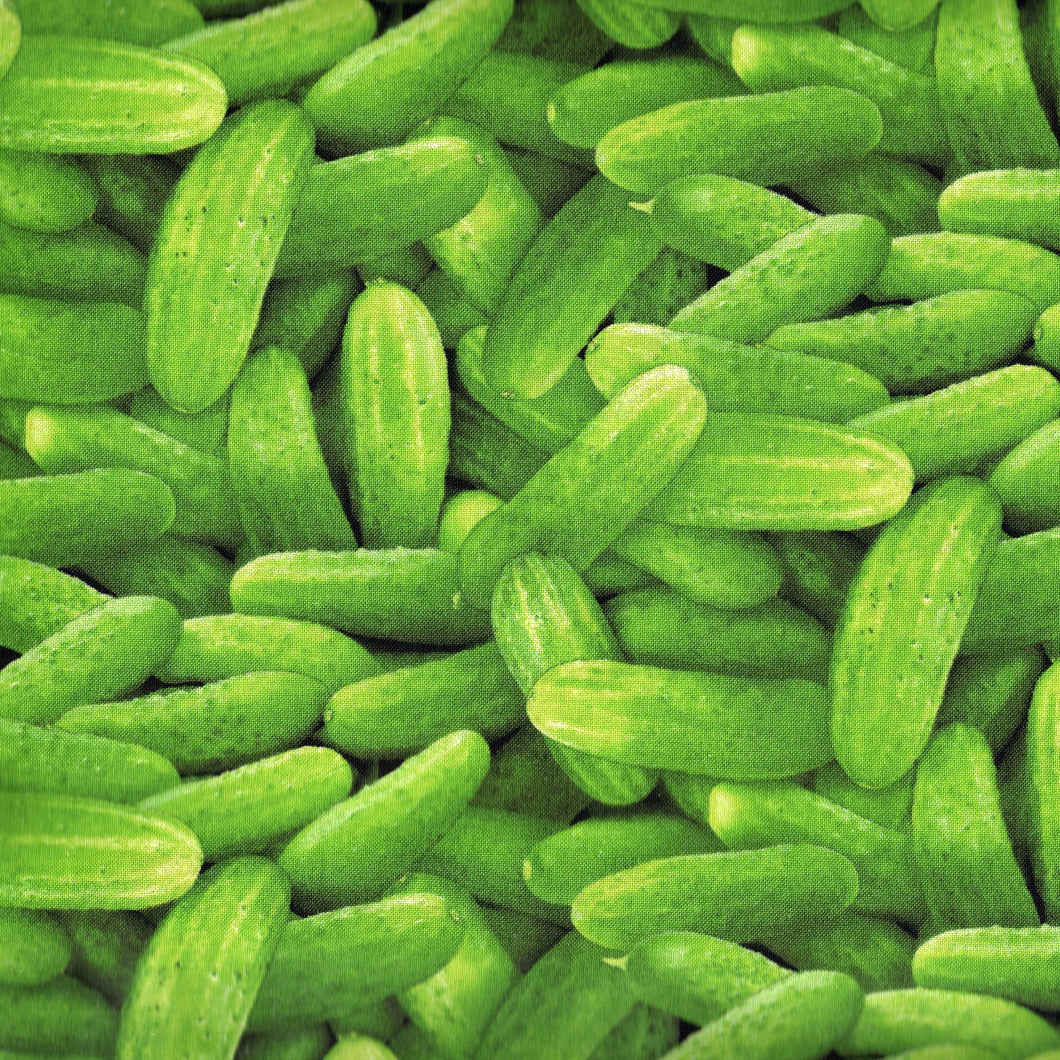 Cucumbers / Green ed603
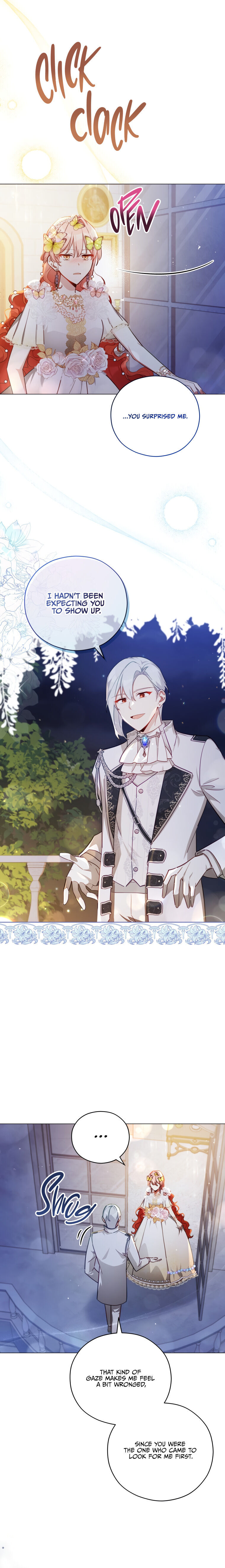 Untouchable Lady Chapter 46 - Page 10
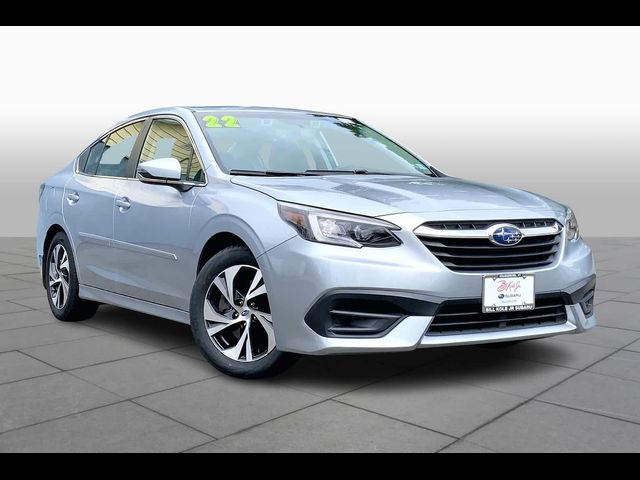 2022 Subaru Legacy Premium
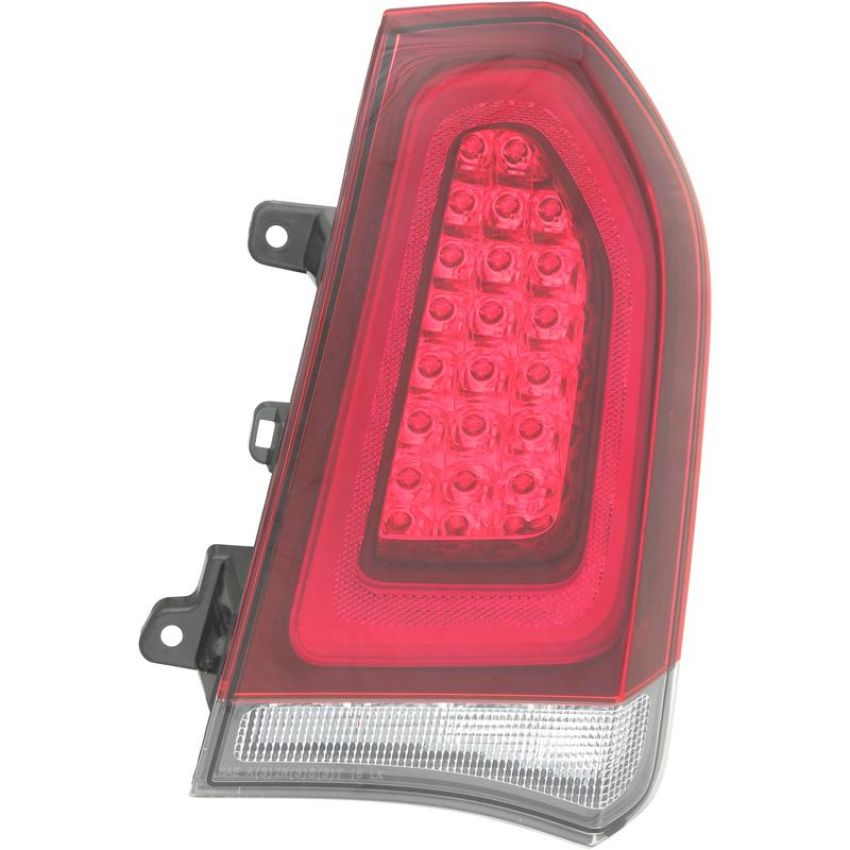 Eagle EyesCS417-B100R Tail Light Assembly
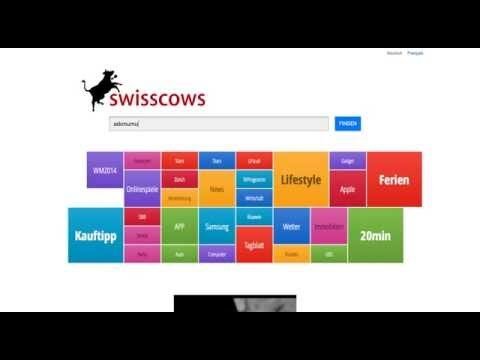 Swiss Cows: The Ultimate Search Engine for Dairy Enthusiasts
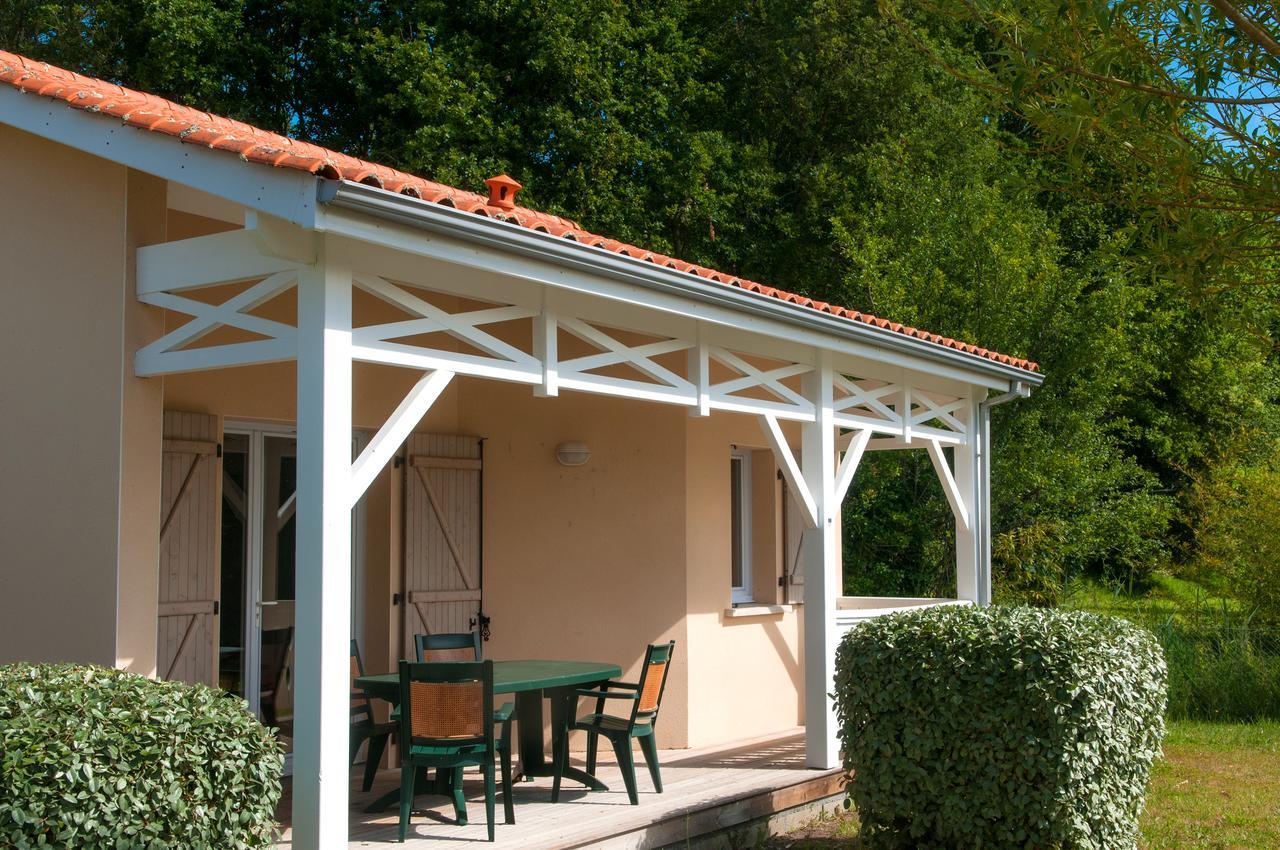 Residence Goelia Le Cordouan Soulac-sur-Mer Exterior foto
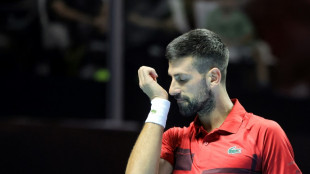 Djokovic won't play Paris Masters, leaving doubt over season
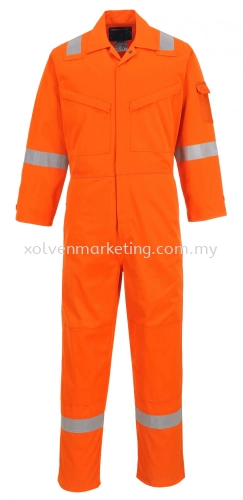 XinXing Eco Flame Retardant Coverall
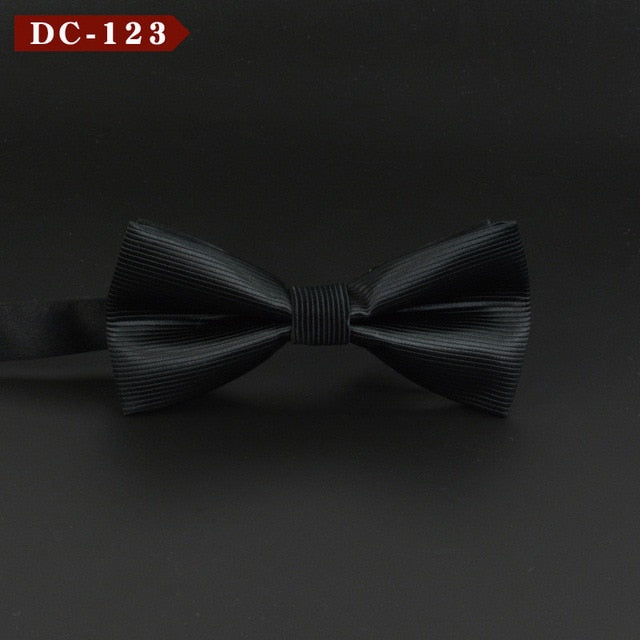 Formal cravat bowtie - foldingup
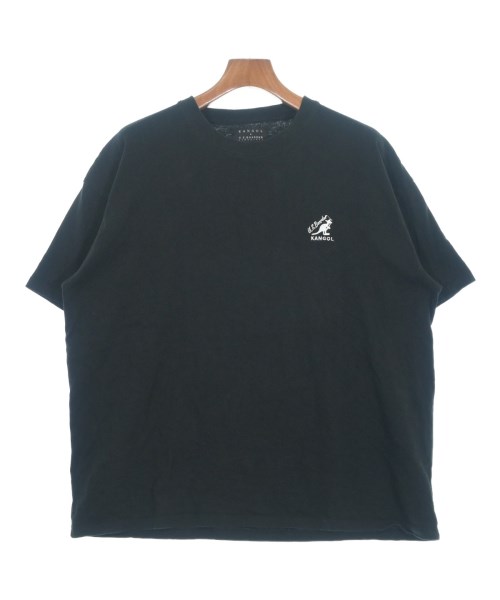 KANGOL(カンゴール)Tシャツ・カットソー 黒 サイズ:XL/2200656944019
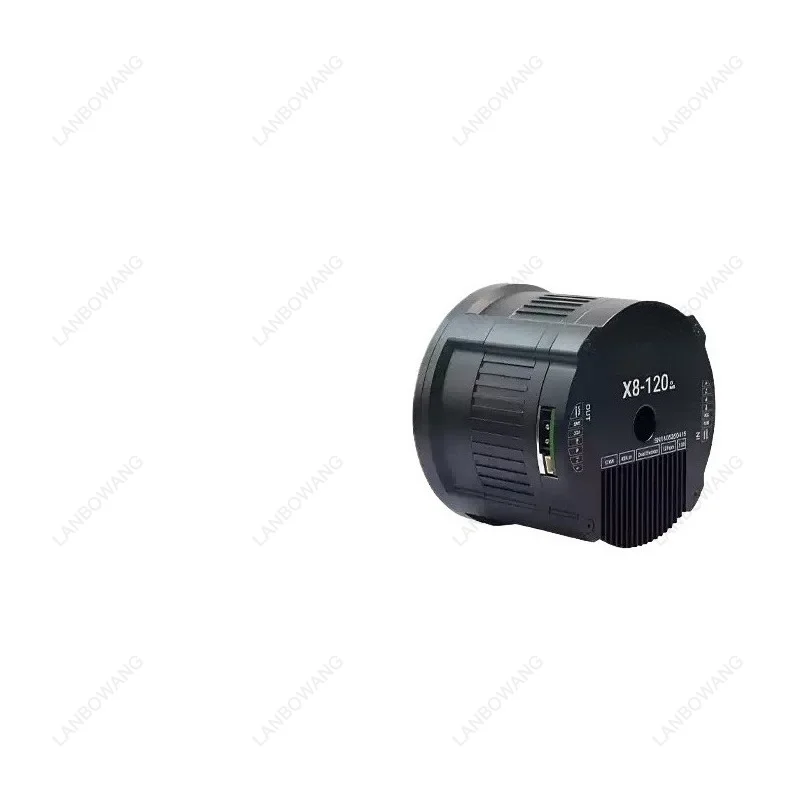 MOTA RMD-X8-120 Dual Encoder Brushless Servo Motor 43N.M High Torque Joint Module For Humanoid Robot
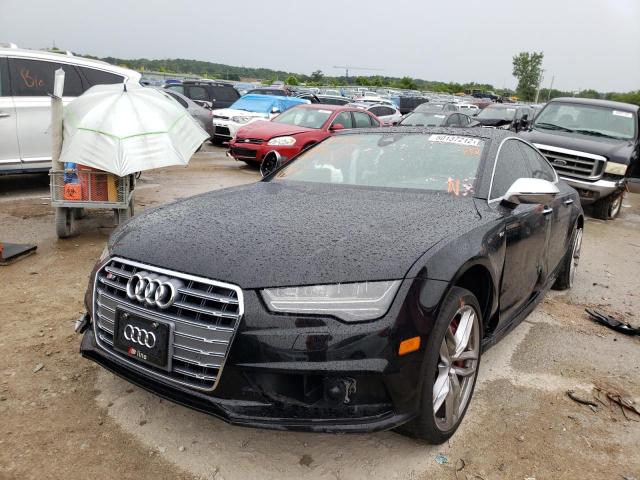 Photo 2 from auction – 2017 AUDI S7 PRESTIG with VIN WAU2FAFC5HN043047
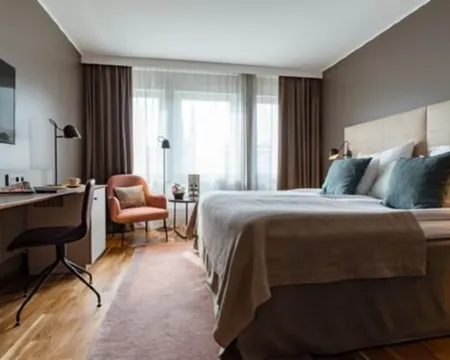 Clarion Hotel Gillet Hotels in Uppsala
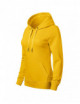 Women`s sweatshirt break (grs) 841 yellow Adler Malfini®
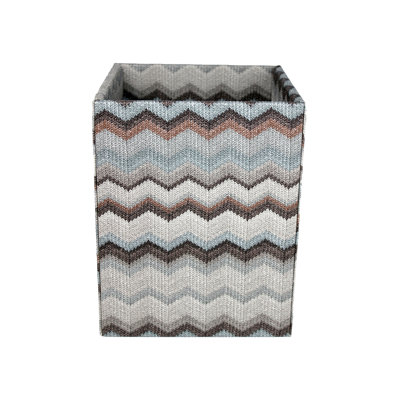 Polyester Open Waste Bin - 13L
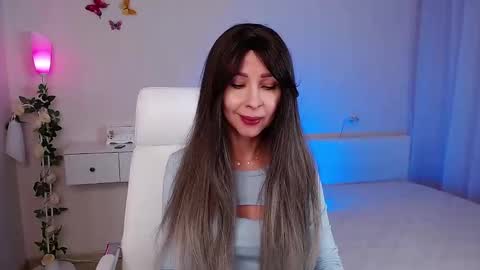 Snapshot of wendifoster chatting on February 17, 8:36 pm Wendi Foster online show from February 17, 8:36 pm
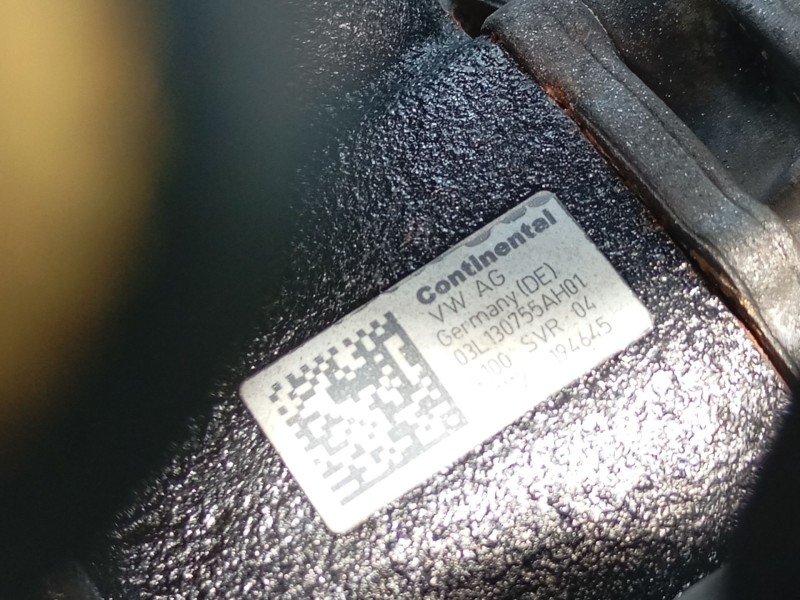 Recambio de motor completo para seat ibiza iv (6j5, 6p1) 1.6 tdi referencia OEM IAM CAY  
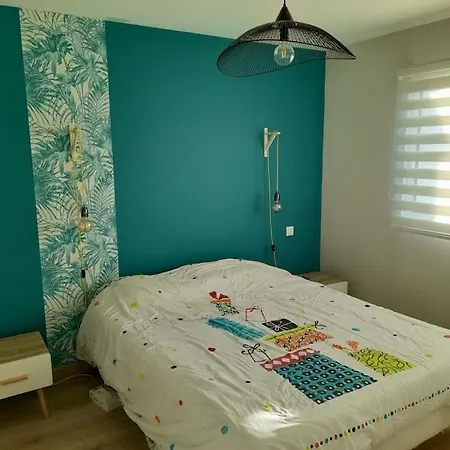 Maison Chaleureuse Avec Piscine *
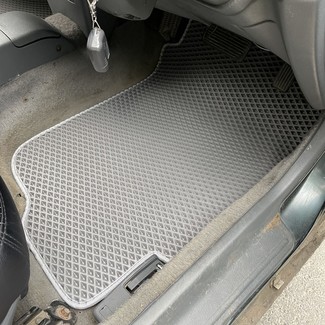 Ворсовые коврики на Honda Civic V 4d 1991&nbsp;-&nbsp;1996 в Тамбове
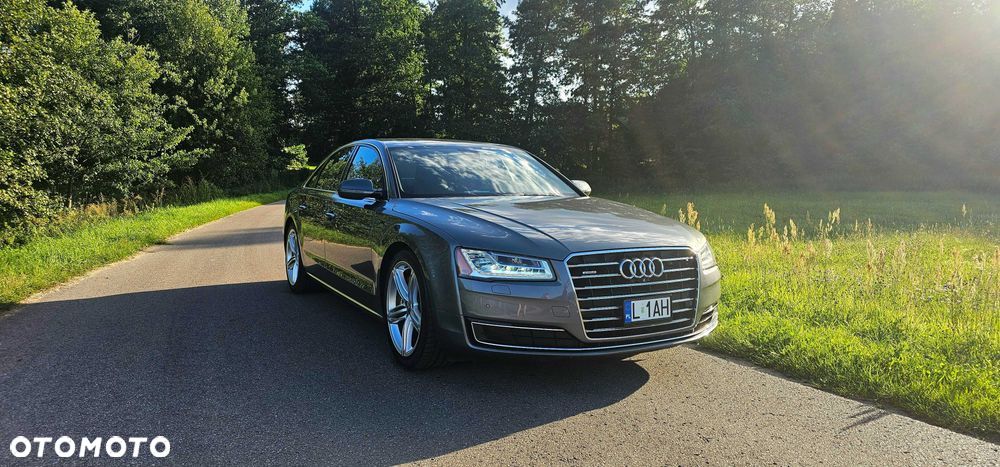Audi A8 3.0 TFSI Quattro tiptronic - 2
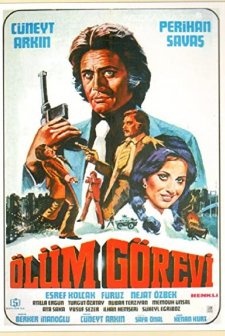 Ölüm Görevi (1978) afişi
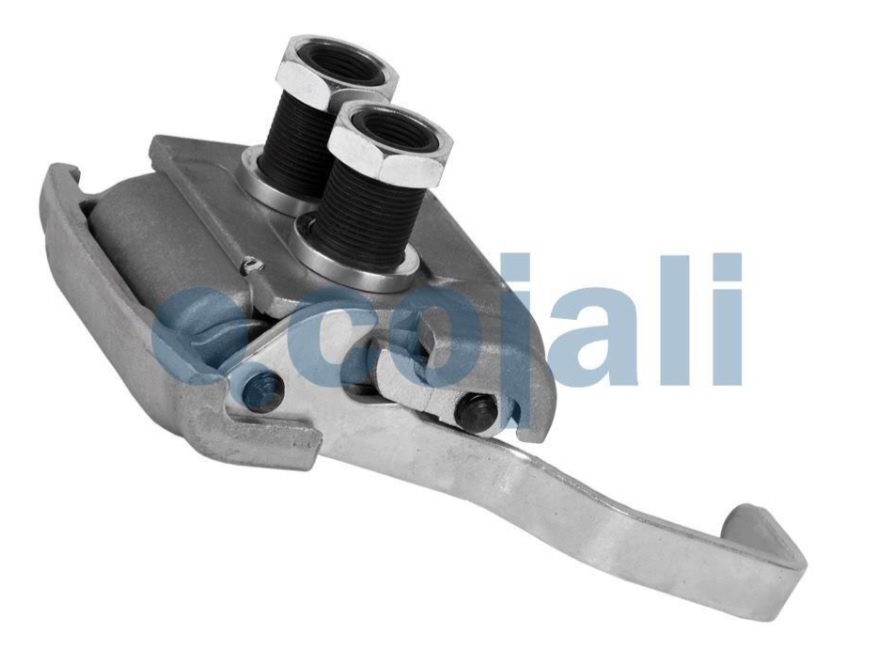 Hlava spojovací DUOMATIC 2x M16x1,5 rychlospojka auto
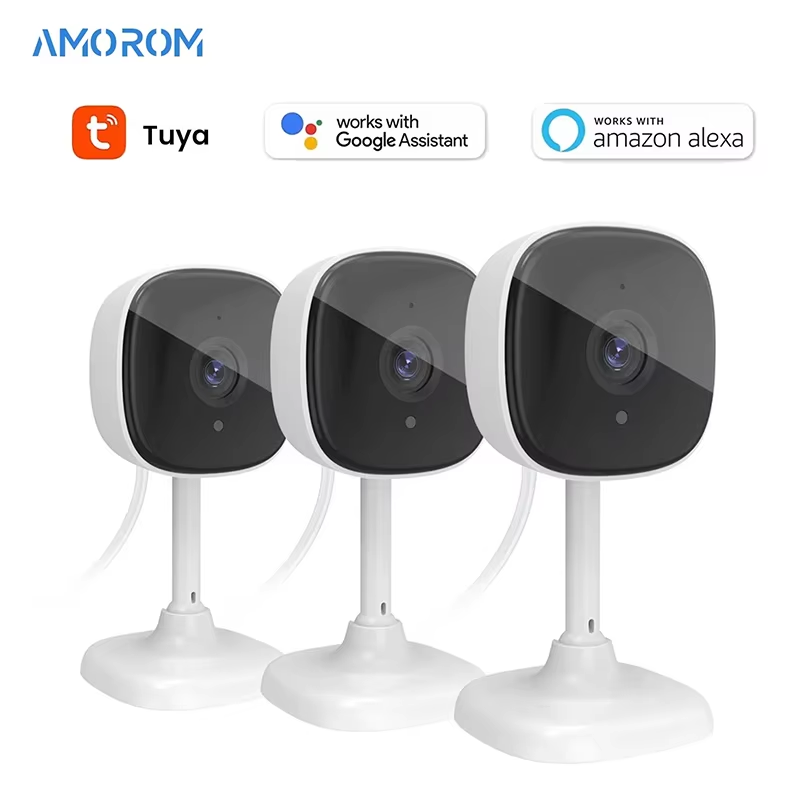 كاميرا Amorom الداخلية Wifi Ip - مراجعة Smart Home Google Nest وسعره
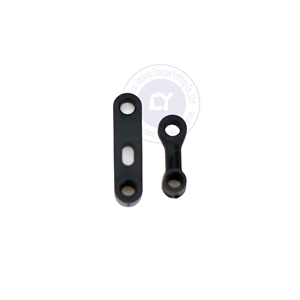 Durable usando la máquina de tejer plana STOLL 214248 3G Jack Cam Plate <span class=keywords><strong>Plastilina</strong></span> completa Piezas de plástico negro - Product Image 2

========================================================================

> **Work instructions**:
Using the entries above, extract exactly the lines from the one that contains "Untouchable Lady Chapter 46 - Page 10" through the one that contains "Residence Goelia Le". Do not carry over any pictures.

> **Result**:
 Untouchable Lady Chapter 46 - Page 10
 2022 Subaru Legacy Premium
 Eagle EyesCS417-B100R Tail Light Assembly
 Swiss Cows: The Ultimate Search Engine for Dairy Enthusiasts
 Residence Goelia Le Cordouan Soulac-sur-Mer Exterior foto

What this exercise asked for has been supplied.